Finally, and most importantly, Yahweh has spoken to human beings through His Son, whose life, ministry, sacrifice, and resurrection testify to the limitless grace that He has poured out upon us in love, showing us the way in which we should walk, and opening up to us an everlasting Inheritance.
The New Testament consists largely of Christ's recorded teachings and actions, as well as commentary by those who traveled with and observed Him. Paul's writings, which compose the majority of the New Testament books, discuss doctrine and reveal issues of faith that confronted the early Church.
The Church, in turn, as the "Body" of Christ, or the physical representation of the Son of God on the earth, is invested with a certain degree of authority over decisions relating to believers. The Church is the settler of disputes, and the source of answers for "difficult questions" when they arise. While the modern world has largely come to reject organized religion as an authority over individual lives (and perhaps rightly so, considering the corruption to be found in many current religions) the true Bride of Christ remains faithful, and She is trustworthy regarding Her charge.
Question 3: What is the result of accepting Yahweh's authority over our lives?
Bible Verses: Deuteronomy 5:29, Exodus 15:26, Psalm 125:1, Acts 5:32, Psalm 15:1-5, Ephesians 4:11-12
Notes: Yahweh wants what is best for His people.

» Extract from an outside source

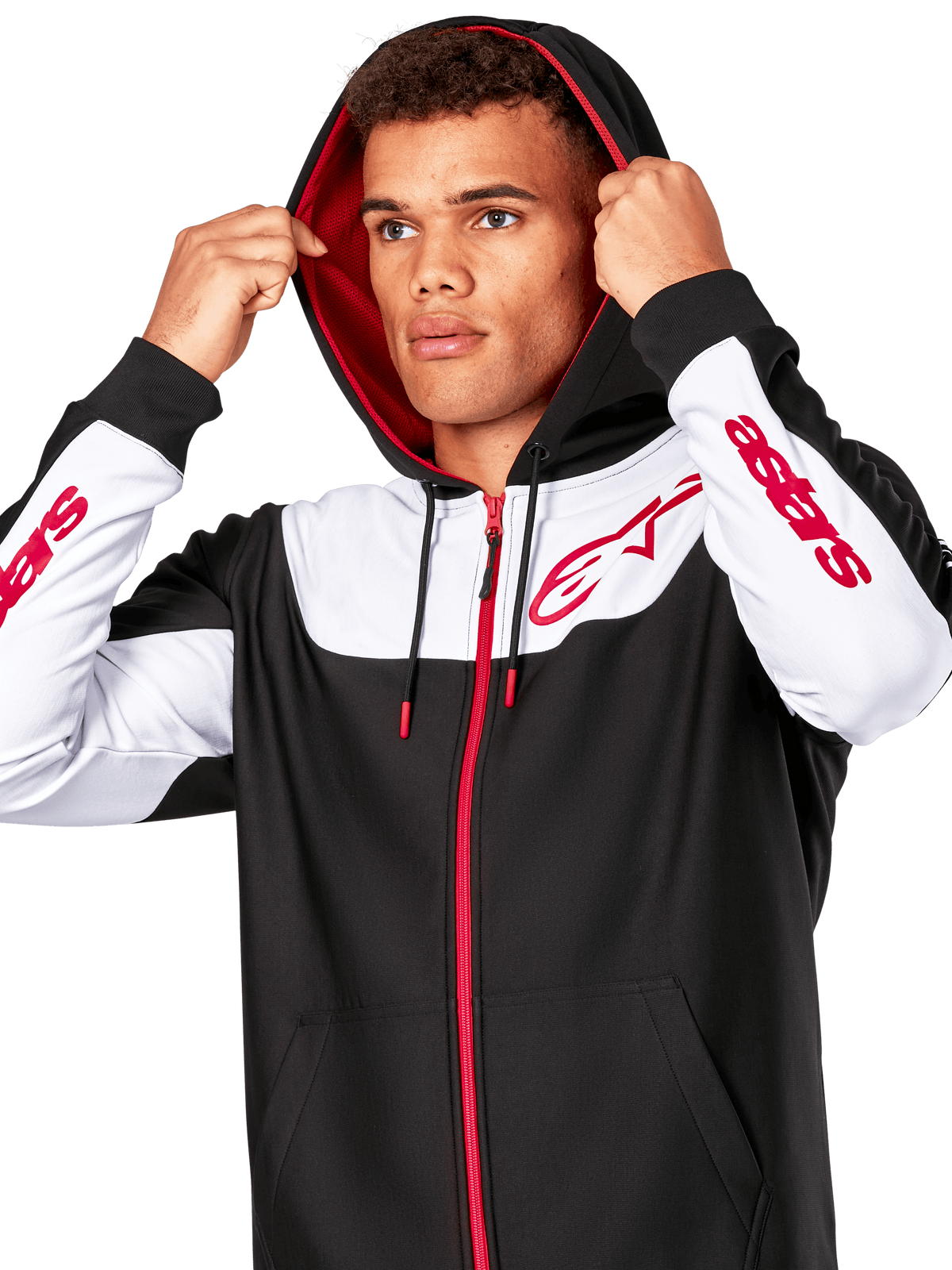 Alpinestars Sessions V3 Hoodie, preto, branco e vermelho, hoodie com fecho frontal usado por um homem com o capuz colocado, com logótipos Alpinestars vermelhos no peito e nas mangas, streetwear casual de desportos motorizados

Rather than using His authority to force us to act in certain ways, however, He uses that authority to set before us moral choices, and to keep us free from the attempts of the Enemy of Souls (Satan and his fallen angels) to keep us enslaved to sinful tendencies. This is a far greater use of His power than direct manipulation, as it allows us to freely worship Him, and freely love Him, simply because He is worthy of these things.
If we accept the authority of Yahweh, and render unto Him obedience to His will, we will be safe, preserved from unnecessary suffering, and we will come to know Him through His Holy Spirit, which He places within us as His enduring presence. At the end of our time on earth, those of us who have placed ourselves beneath His protective care will dwell with Him in eternity.

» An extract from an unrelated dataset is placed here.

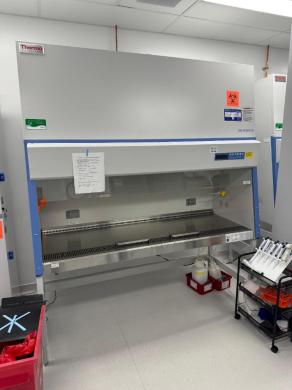 Thermo 1300 Series A2 6' Class II Biological Safety Cabinet-cover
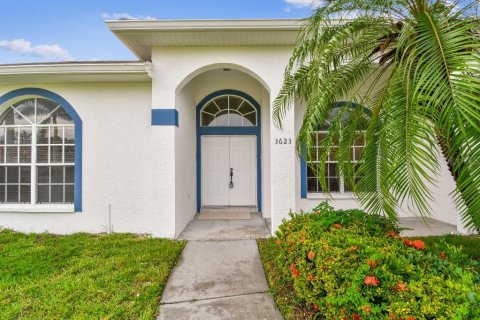 House in Sun City Center, Florida 4 bedrooms, 217.48 sq.m. № 1837346 - photo 8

Community is also an important element of our spiritual experience. As will be mentioned several times in this chapter, the purpose of the Church, and its divinely ordained role in believers' lives, is ultimately to "perfect" the saints. Accepting not only Yahweh's direct authority over us, but also the influence of the community into which He has placed us, is what prepares us for the divine society of Heaven.

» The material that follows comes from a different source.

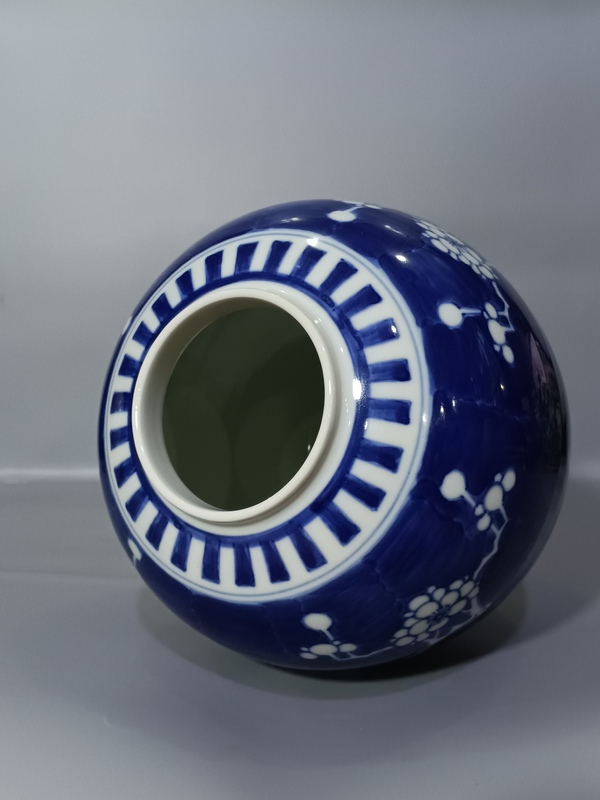 古玩陶瓷青花留白冰梅紋罐拍賣,當前價格39元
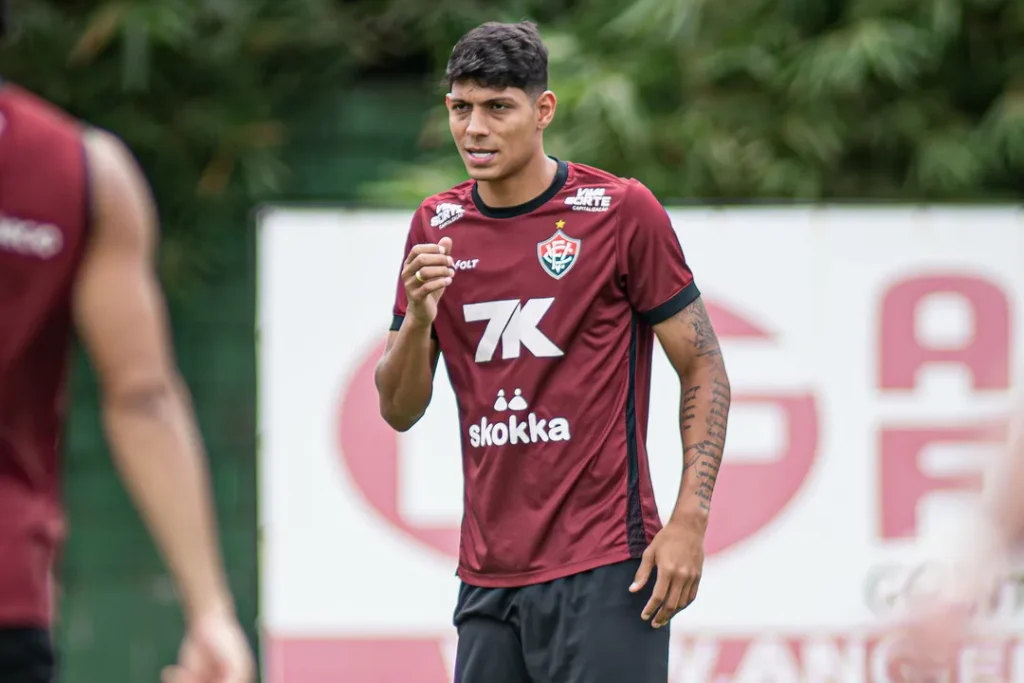 Zé Vitor tranquiliza torcida após deixar campo e destaca reforços argentinos do Vitória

Question 4: What is Yahweh's motive in giving us instructions in even the smallest details of our behavior?
Bible Verses: Jeremiah 10:23, Jeremiah 29:11, Proverbs 3:5, Jeremiah 17:9, Galatians 5:16-25, Deuteronomy 5:29, Hebrews 12:6-11
Notes: Mankind, through a combination of ignorance and the carnal nature, is not capable of correctly choosing its own path in life. It takes humility and self-awareness to admit this. Many say they want "freedom," including freedom from religious sentiment, but freedom without accountability to some standard (such as the Divine Law) quickly leads to chaos. Nobody is truly free if there is lawlessness, and Yahweh's Law, the Bible tells us, is "perfect" for the preservation of human happiness. (Psalm 19:7)
Those who allow the Creator to direct their steps will benefit from His thoughts toward them, of peace and of lasting success. They will deny the promptings of the flesh toward unlawful aims, and the "Fruit of the Spirit" will be manifest in their lives, including the apparently insignificant aspects. All that they do will be in accord with the principles of righteousness.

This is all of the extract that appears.